Task input ::
○ ○ ○ ○ ○

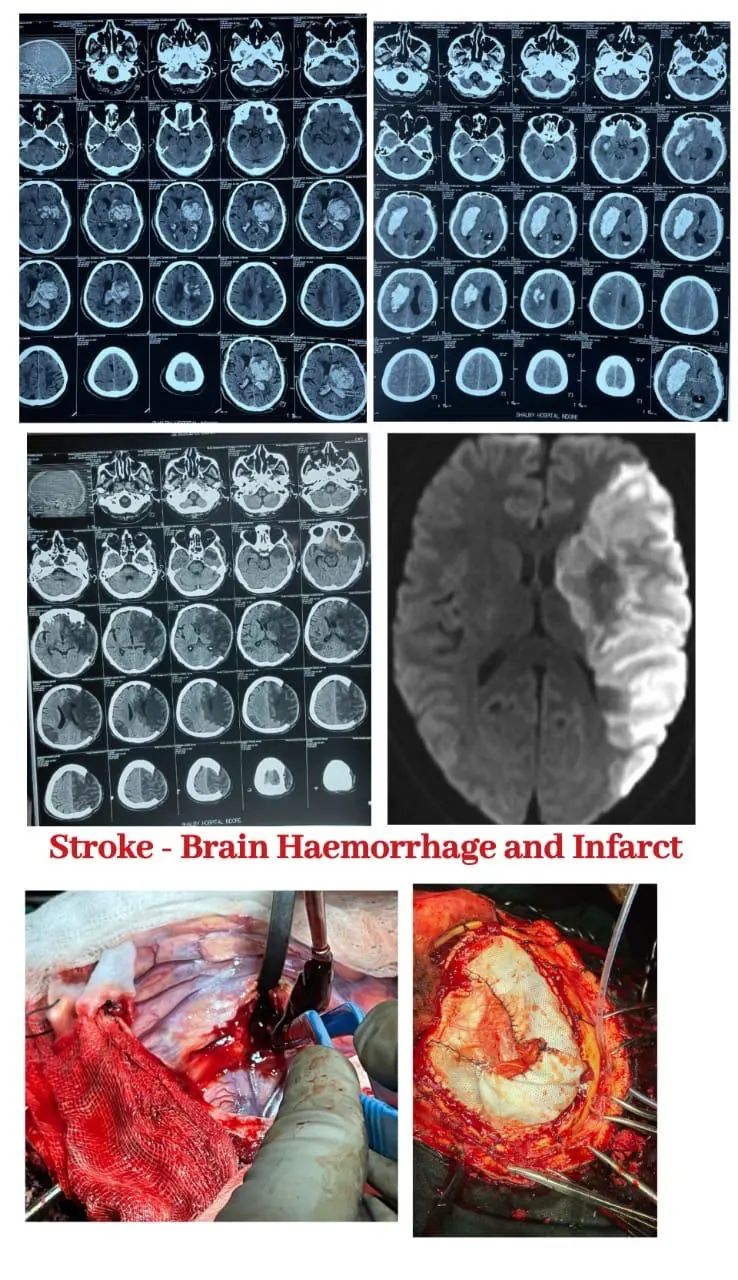 Dr. Abhishek Songara Instagram — Angel Brain & Spine Centre, Indore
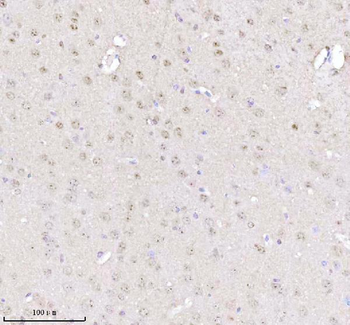 Anti-MECP2 Antibody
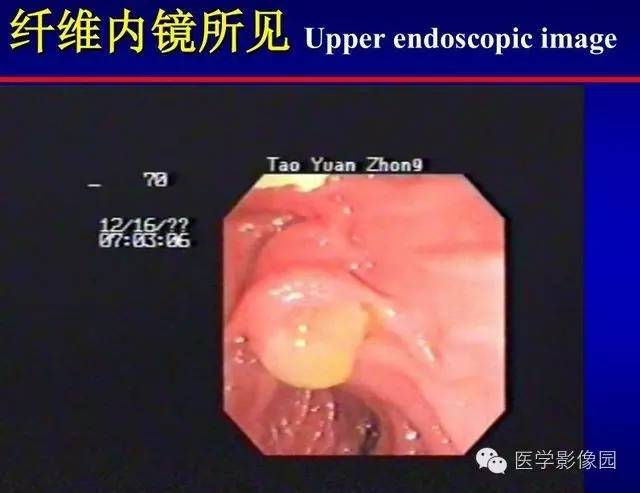 【PPT】胰腺少、罕见病变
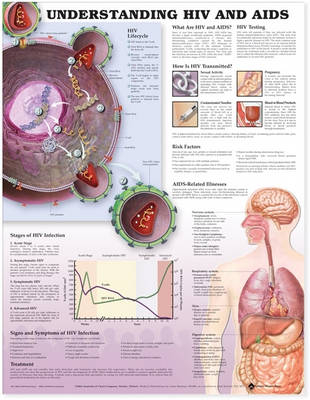 Understanding HIV and AIDS Anatomical Chart in Spanish (Entendiendo Que Son el VIH y el SIDA)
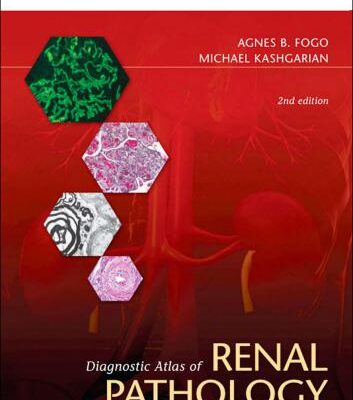 خرید و دانلود نسخه کامل کتاب Diagnostic Atlas of Renal Pathology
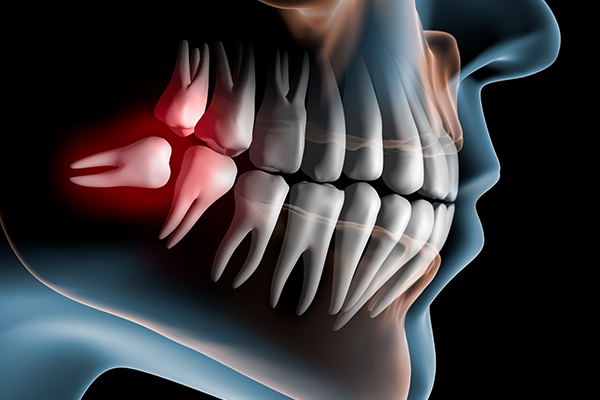 Extraction des dents de sagesse au Centre dentaire à Paris 9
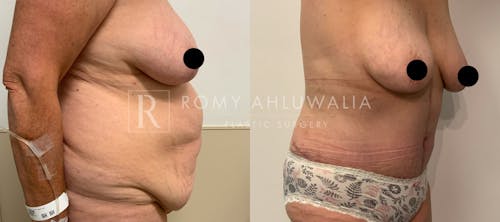 Before & After Result of Tummy Tuck Patient #26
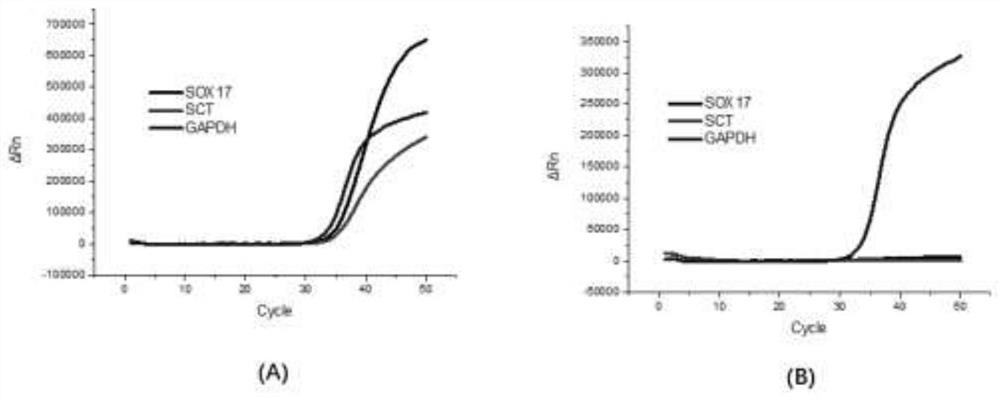 Plasma free DNA methylation gene combination for identifying benign and malignant pulmonary nodules, and application of plasma free DNA methylation gene combination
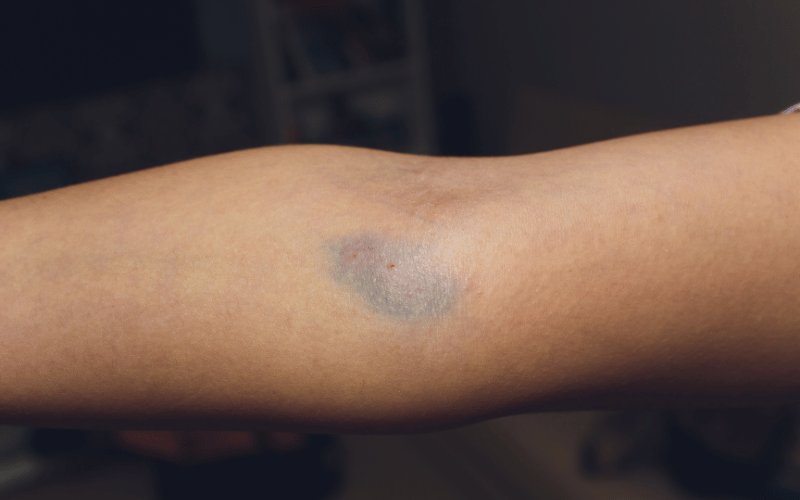 Unexplained Bruising The Mysterious Marks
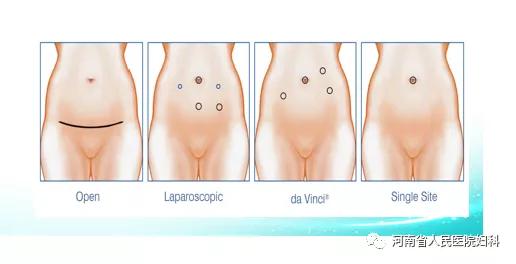 揭秘卵巢癌系列三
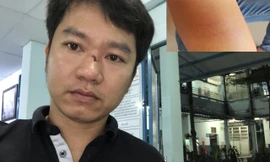 Người dân 'tố' bị người lạ hành hung khi làm việc với CSGT Hàng Xanh 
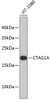 Western blot analysis of extracts of HT-1080 cells, using CTAG1A antibody (19-130) .<br/>Secondary antibody: HRP Goat Anti-Rabbit IgG (H+L) at 1:10000 dilution.<br/>Lysates/proteins: 25ug per lane.<br/>Blocking buffer: 3% nonfat dry milk in TBST.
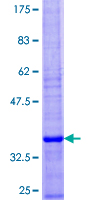 Recombinant Human SEC61B protein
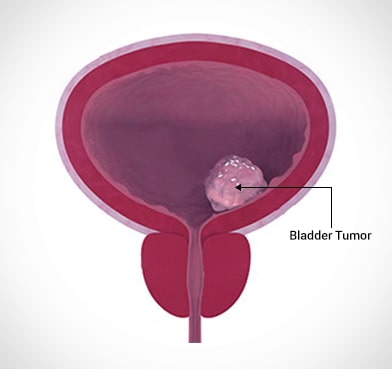 Bladder Cancer: Symptoms, Diagnosis and Treatment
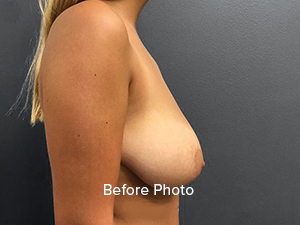 Before photo of breast augmentation patient at Lentz Plastic Surgery.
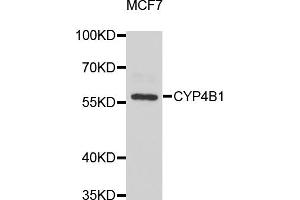 Western blot analysis of extracts of MCF-7 cells, using CYP4B1 antibody. (CYP4B1 抗体)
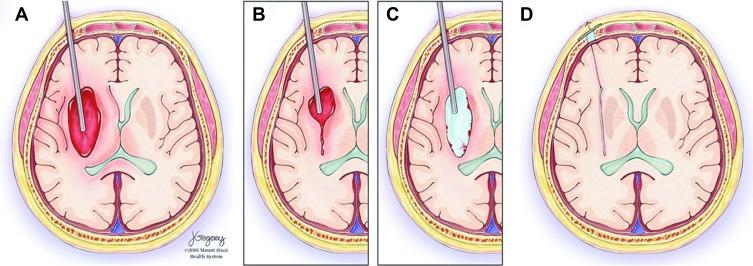 https://cdn.ncbi.nlm.nih.gov/pmc/blobs/ef49/7090177/a939fbdb6049/RSRR-7-1-g0017.jpg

○ ○ ○ ○ ○

Try it :: Leave out the pictures, and retype exactly the lines from the one containing "Understanding HIV and" through the last line of the data above, no more and no less.

Response for this exercise ::
 Understanding HIV and AIDS Anatomical Chart in Spanish (Entendiendo Que Son el VIH y el SIDA)
 خرید و دانلود نسخه کامل کتاب Diagnostic Atlas of Renal Pathology
 Extraction des dents de sagesse au Centre dentaire à Paris 9
 Before & After Result of Tummy Tuck Patient #26
 Plasma free DNA methylation gene combination for identifying benign and malignant pulmonary nodules, and application of plasma free DNA methylation gene combination
 Unexplained Bruising The Mysterious Marks
 揭秘卵巢癌系列三
 Người dân 'tố' bị người lạ hành hung khi làm việc với CSGT Hàng Xanh 
 Western blot analysis of extracts of HT-1080 cells, using CTAG1A antibody (19-130) .<br/>Secondary antibody: HRP Goat Anti-Rabbit IgG (H+L) at 1:10000 dilution.<br/>Lysates/proteins: 25ug per lane.<br/>Blocking buffer: 3% nonfat dry milk in TBST.
 Recombinant Human SEC61B protein
 Bladder Cancer: Symptoms, Diagnosis and Treatment
 Before photo of breast augmentation patient at Lentz Plastic Surgery.
 Western blot analysis of extracts of MCF-7 cells, using CYP4B1 antibody. (CYP4B1 抗体)
 https://cdn.ncbi.nlm.nih.gov/pmc/blobs/ef49/7090177/a939fbdb6049/RSRR-7-1-g0017.jpg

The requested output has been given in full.